* _Exercise directions_: Your job is to give again, exactly and with no additions, the lines in the records below from the one with "Role of Biology" through the one with "Machiavelli on international", both included. Omit the pictures.

* _Material provided_:
•••

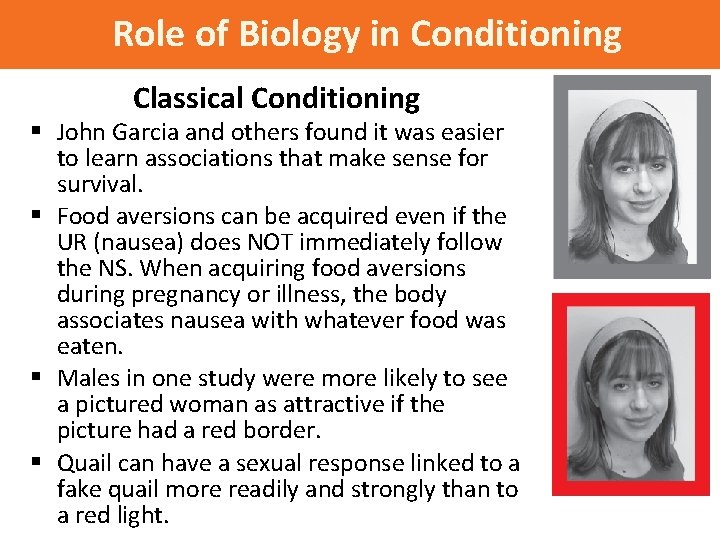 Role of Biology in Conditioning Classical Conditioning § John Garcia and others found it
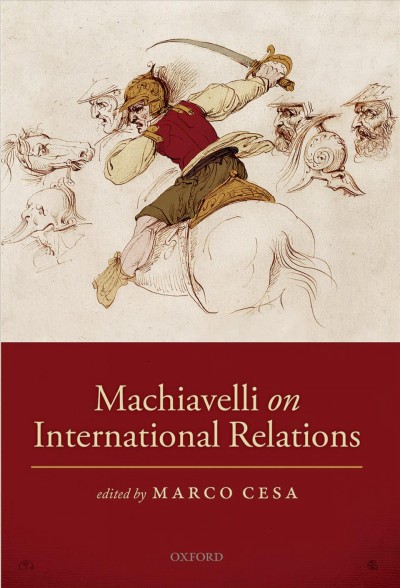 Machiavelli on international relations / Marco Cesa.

•••

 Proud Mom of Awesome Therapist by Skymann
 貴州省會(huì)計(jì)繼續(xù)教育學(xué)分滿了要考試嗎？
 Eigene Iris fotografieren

•••

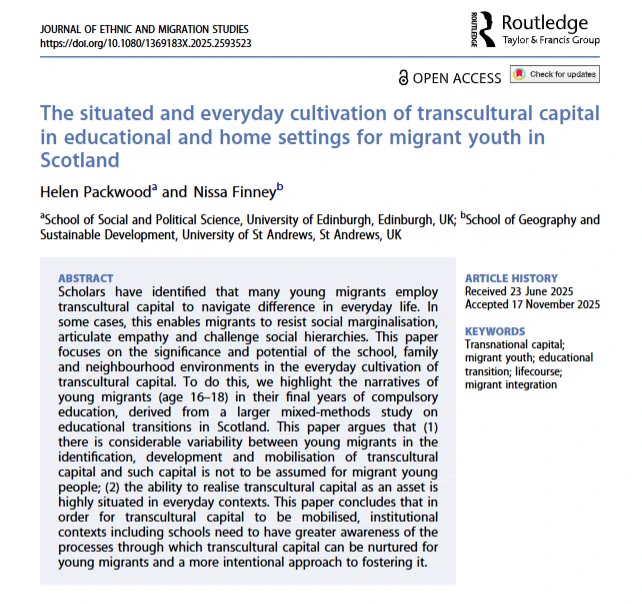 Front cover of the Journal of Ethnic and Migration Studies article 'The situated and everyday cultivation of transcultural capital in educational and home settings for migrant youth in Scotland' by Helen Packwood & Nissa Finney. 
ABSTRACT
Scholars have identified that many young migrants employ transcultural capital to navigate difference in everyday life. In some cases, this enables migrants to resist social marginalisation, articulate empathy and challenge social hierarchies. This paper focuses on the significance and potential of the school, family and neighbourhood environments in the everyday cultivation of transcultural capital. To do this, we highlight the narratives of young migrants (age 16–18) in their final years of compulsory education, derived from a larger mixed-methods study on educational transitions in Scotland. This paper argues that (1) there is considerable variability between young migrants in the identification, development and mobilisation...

•••

* _Exercise answer_:
 Role of Biology in Conditioning Classical Conditioning § John Garcia and others found it
 Machiavelli on international relations / Marco Cesa.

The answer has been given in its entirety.